While Halloween is meant to be fun, you may occasionally encounter someone who likes tricks more than treats. Luckily, insurance could cover holiday hazards.
For instance, if your yard or porch decorations are damaged or stolen insurance may cover that. Likewise, if your car gets egged or damaged in any way by pranksters, comprehensive insurance should cover it.
Take care while driving and be aware of trick-or-treaters in your neighborhood. Park cars in the garage or a well-lit area. Practice fire safety by using battery operated candles in your pumpkins to prevent fire.
Additionally, find time this weekend to check your smoke alarms to make sure they work. Daylight Saving Time ends on Sunday and is a reminder to check those life-saving devices.

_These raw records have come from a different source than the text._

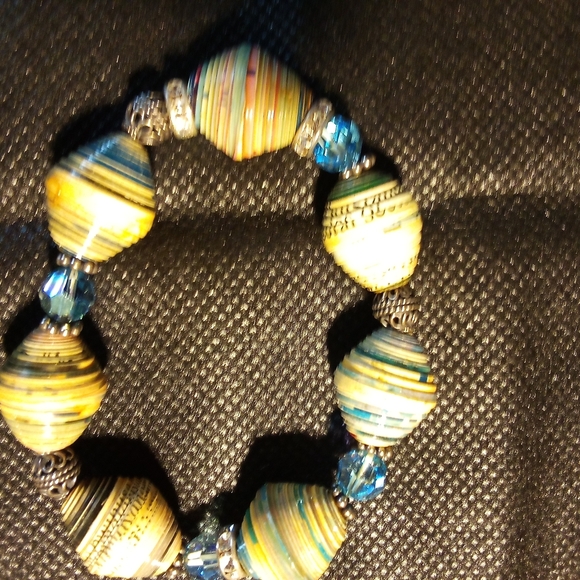 Multicolor Bracelet Wooden Oval Beads & Lite Blue Beads1 - Picture 4 of 6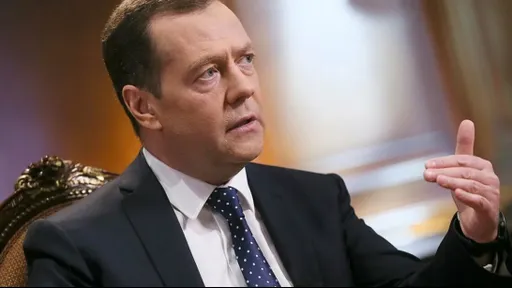 Дмитрий Медведев: Дурову* надо понять, что Отечество не выбирают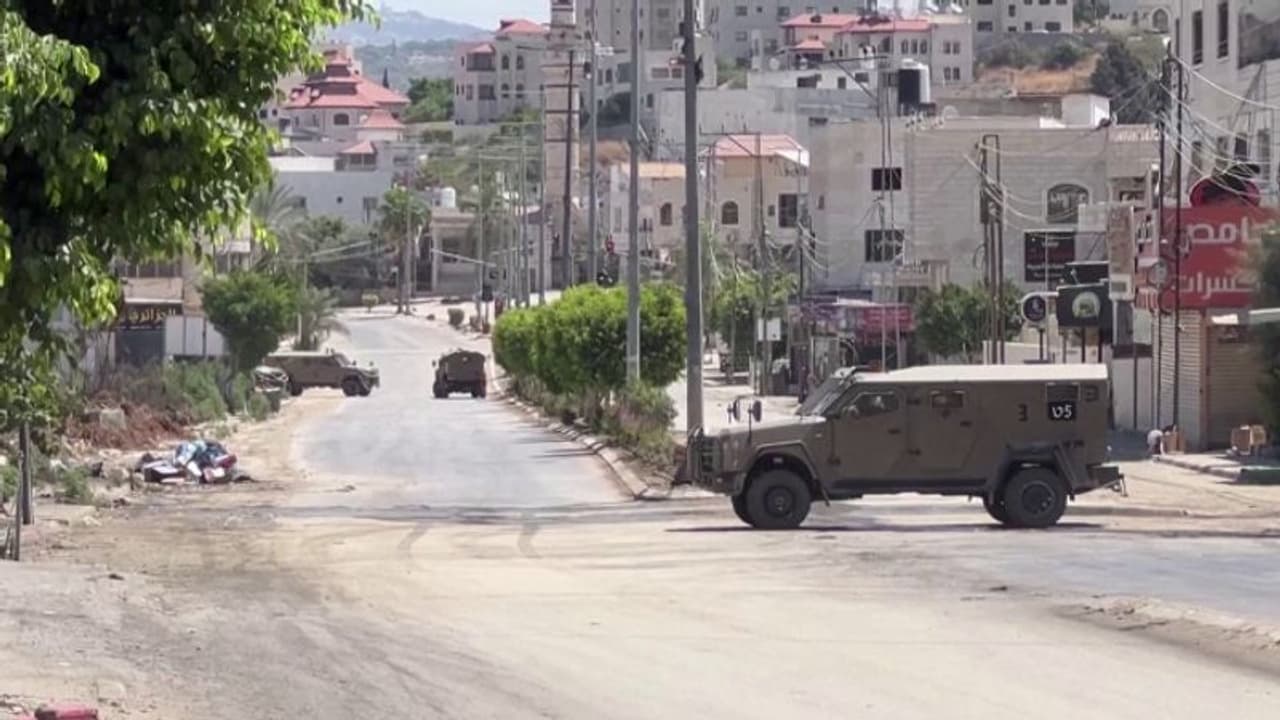 ഗാസയിൽ സ്കൂളിന് നേരെ ഇസ്രായേലിന്റെ ബോംബ് ആക്രമണം; 15 പേര് കൊല്ലപ്പെട്ടു, സ്കൂള് പൂര്ണമായും തകര്ന്നു ഗാസയിൽ സ്കൂളിന് നേരെ ഇസ്രായേലിന്റെ ബോംബ് ആക്രമണം; 15 പേര് കൊല്ലപ്പെട്ടു, സ്കൂള് പൂര്ണമായും തകര്ന്നു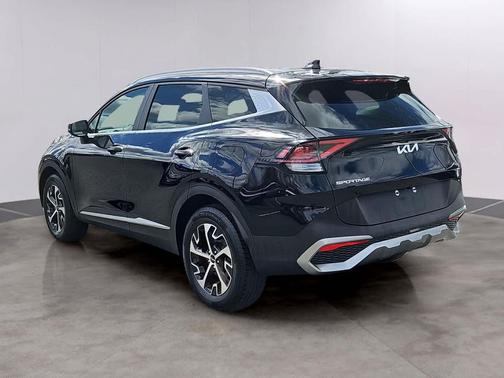 Ebony Black 2023 Kia Sportage EX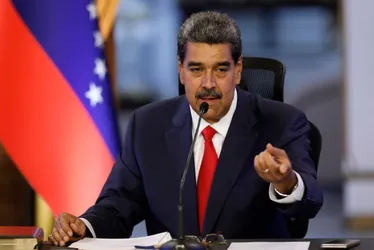 Imagem ilustrativa da imagem Maduro deleta WhatsApp de seu celular e pede que apoiadores façam o mesmo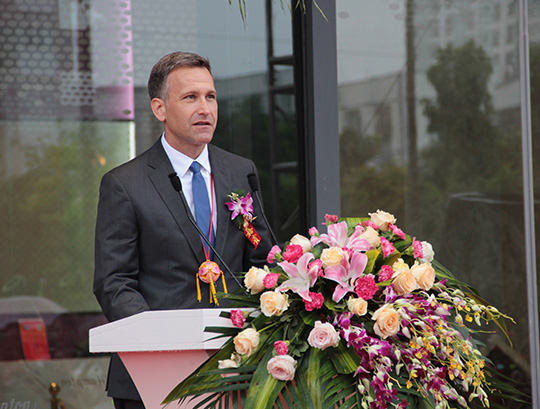 希尔顿全球欢朋品牌高级运营总监Mike先生致辞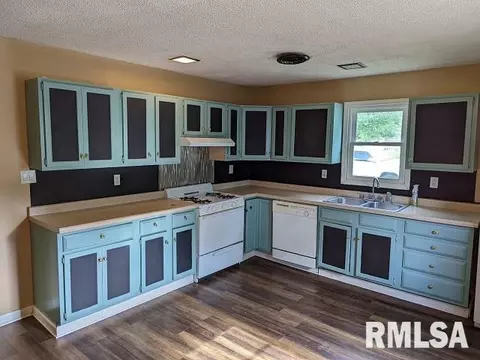 805 W Madison St, Herrin, IL 62948 photo 6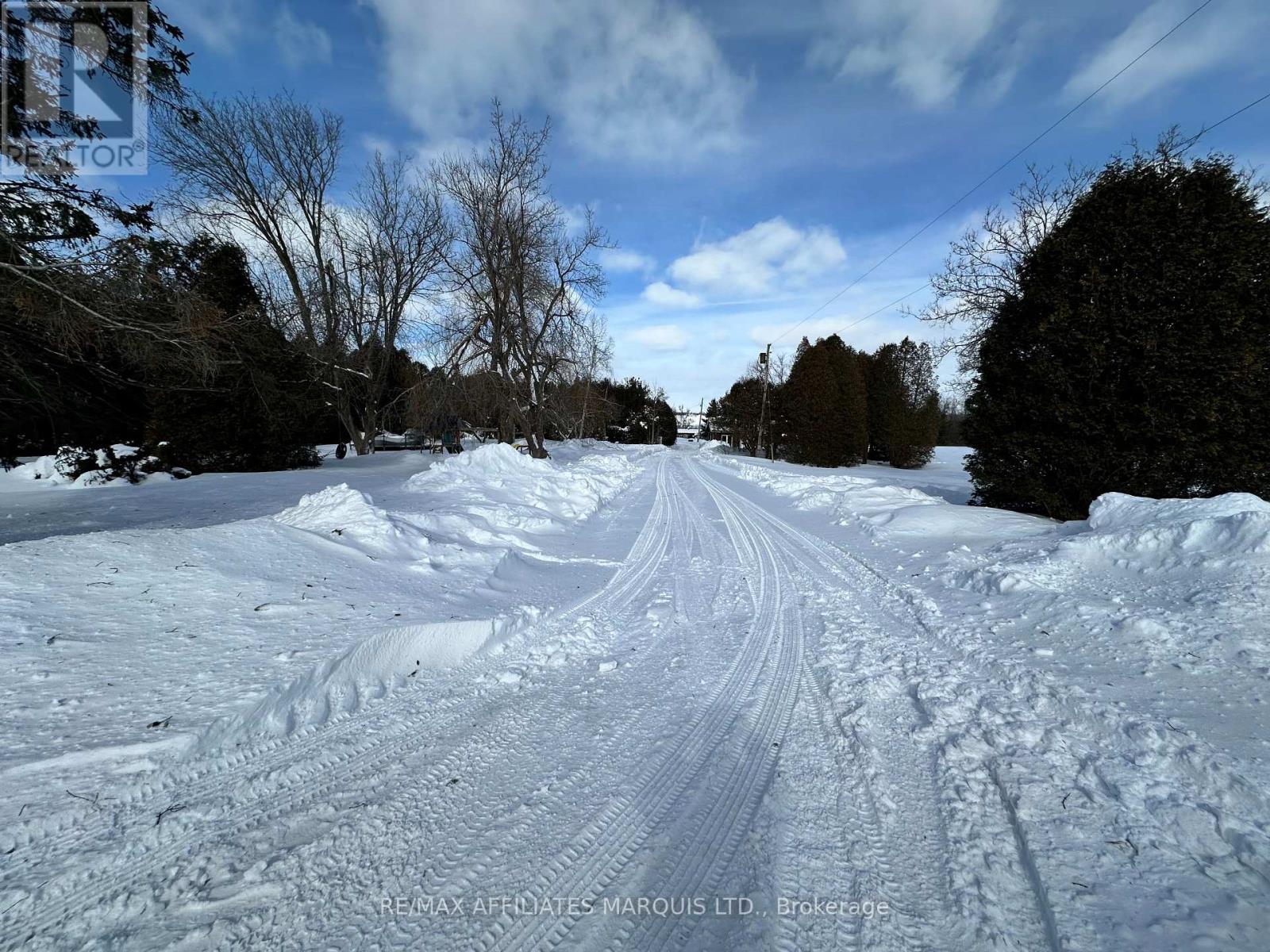 18319 Street Road, South Glengarry, Ontario  K6K 0A7 - Photo 1 - X11978183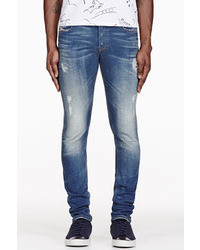 blaue Jeans mit Destroyed-Effekten von Diesel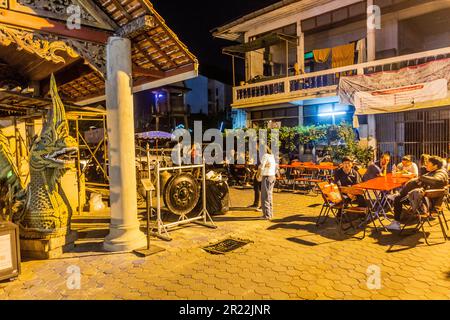 CHIANG mai, THAILANDIA - 8 DICEMBRE 2019: Mercato di Domenica notte ai terreni del tempio Wat Muen LAN a Chiang mai, Thailandia Foto Stock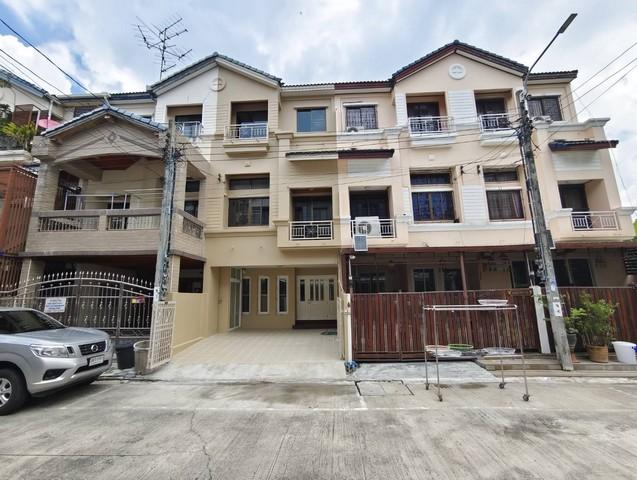 ขายทาว์นโฮม3ชั้น ซ.สหการประมูล 27ตร.ว. รีโนเวทใหม่ พร้อมอยู่ ForSale3-Story Townhome near Regents International School 1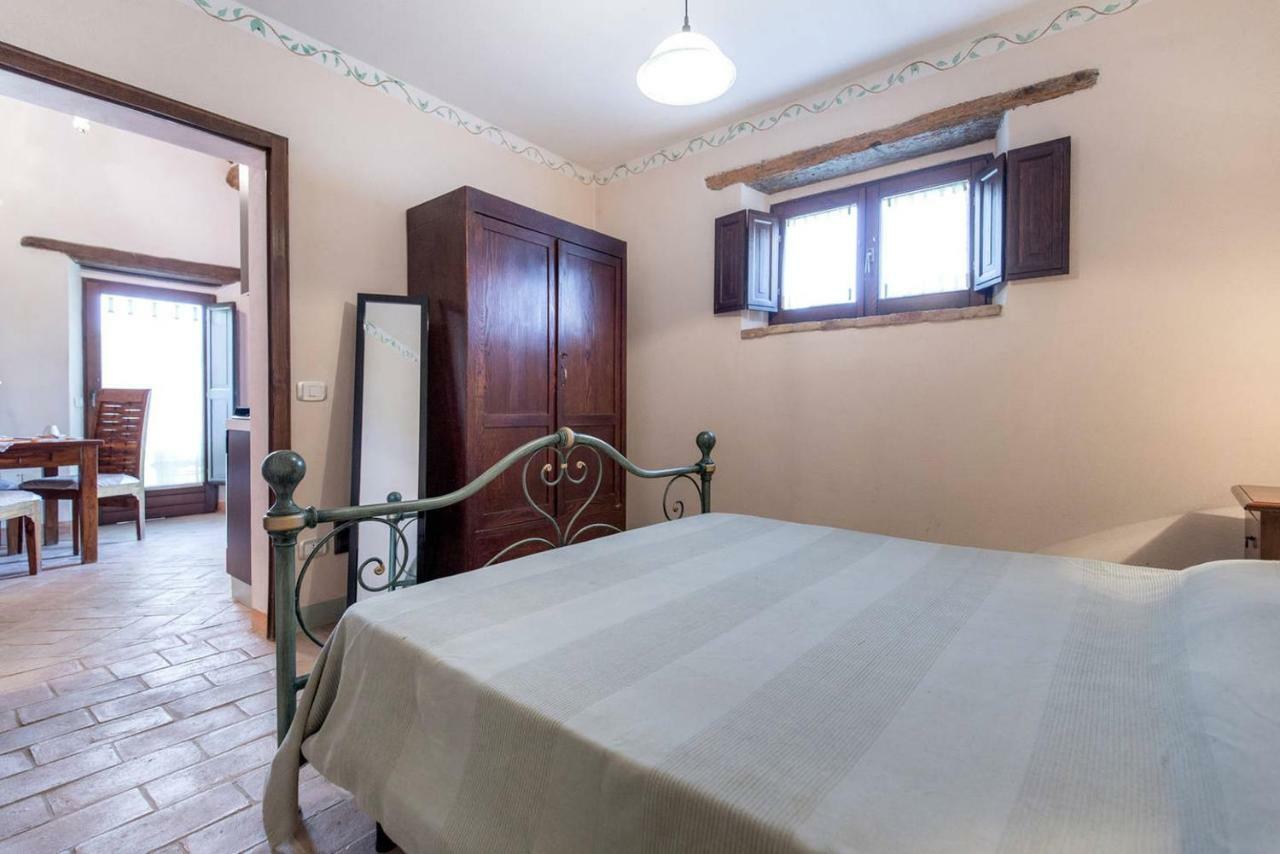 Hostal La Casina Degli Olivi Seggiano Exterior foto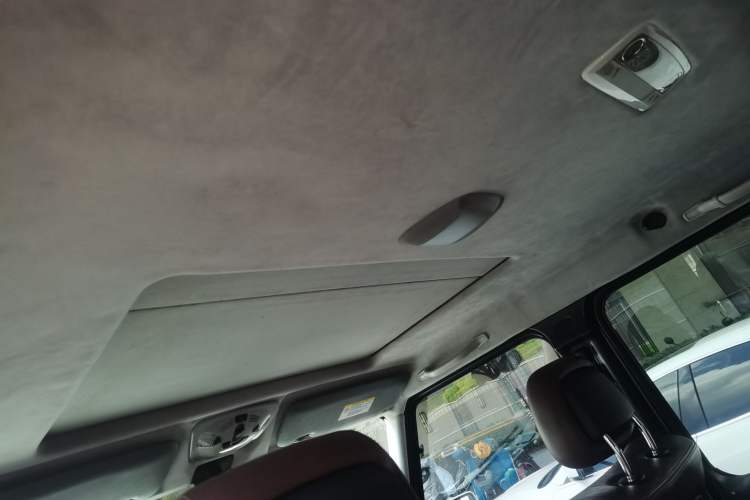 Used Mercedes-Benz G-Class 2010 G 500 Headliner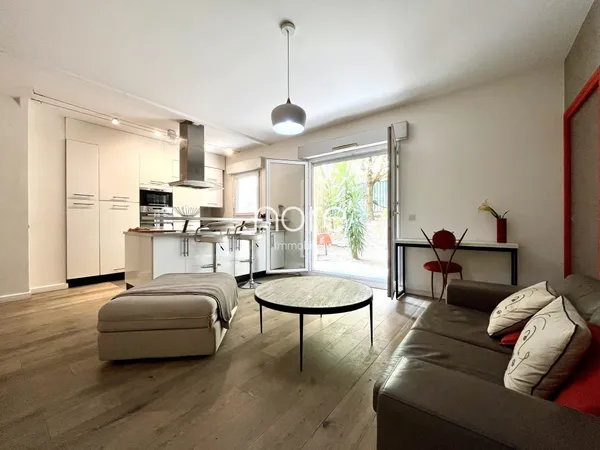 Appartement 2 pièces avec jardin - Emplacement central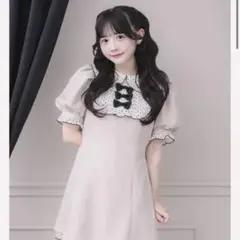 pium スクエアフリルリボンドーリー半袖ワンピース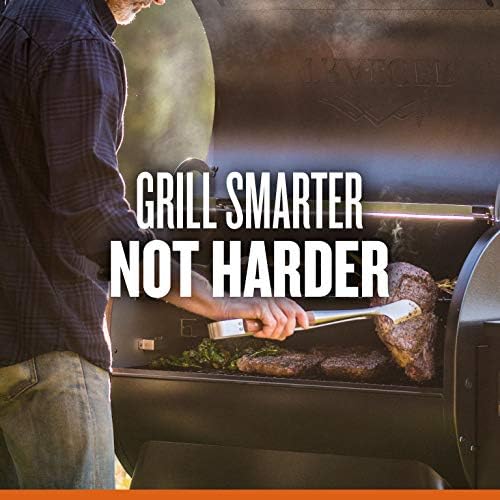 Traeger Grills Ironwood 650 Wood Pellet Grill and Smoker Пакет with Cover and Signature Pellets с участието на Алекса and WiFIRE Smart Home Technology - Черен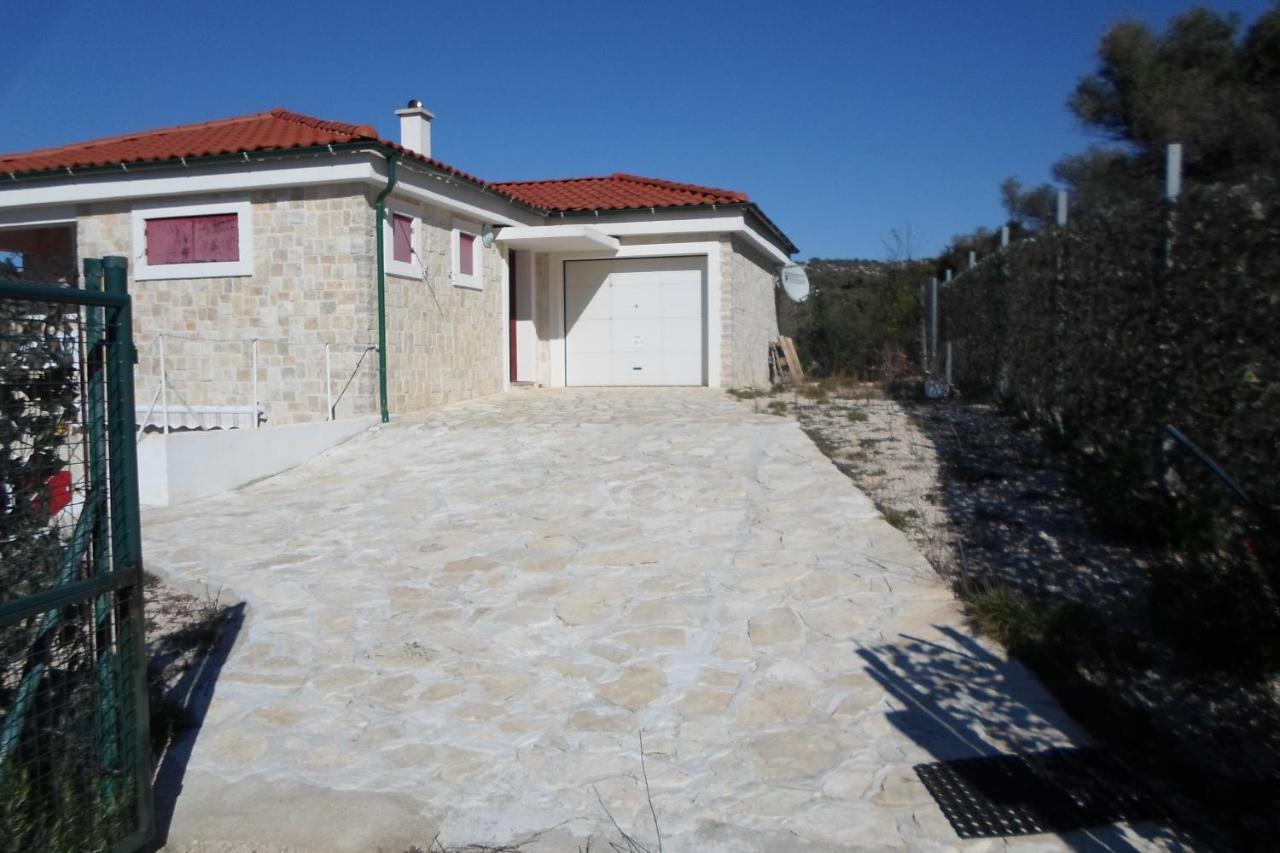 Villa Romantica Lun  Luaran gambar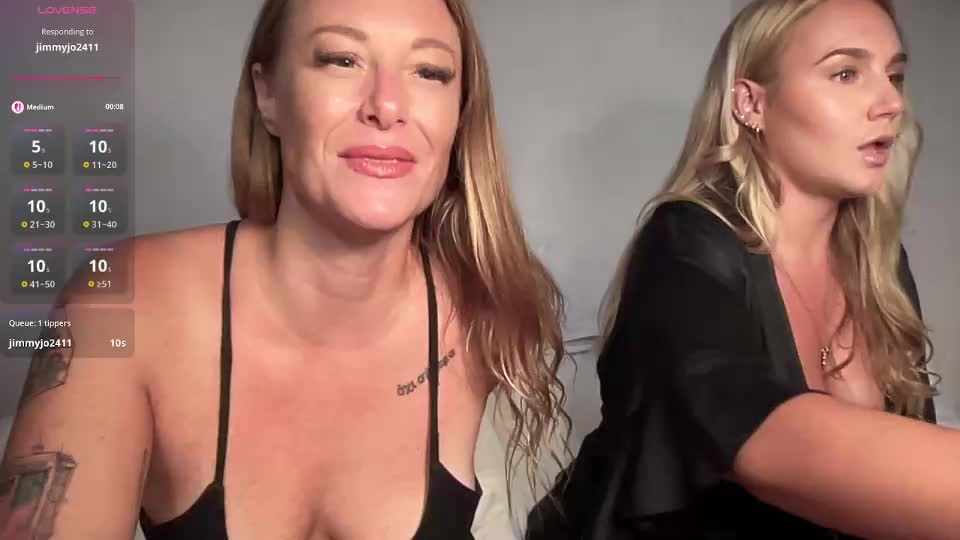 green_eyed_goddess_ Live Sex December 13, 2025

Smoke alarms should be tested once a month, batteries should be replaced once a year, and the entire alarm should be replaced every 10 years.
There have been 51 fire deaths investigated by the State Fire Marshal's Office so far in 2020. In nearly 59% of those cases there was either no smoke alarm in the home or the smoke alarm was not working.
“At least 30 lives might have been saved this year if there had been a working smoke alarm in the home,” said State Fire Marshal Mike Chaney. “A working smoke alarm cuts your risk of dying in a fire in half. You should have one near each bedroom in your home. I also recommend installing a carbon monoxide detector in your home.”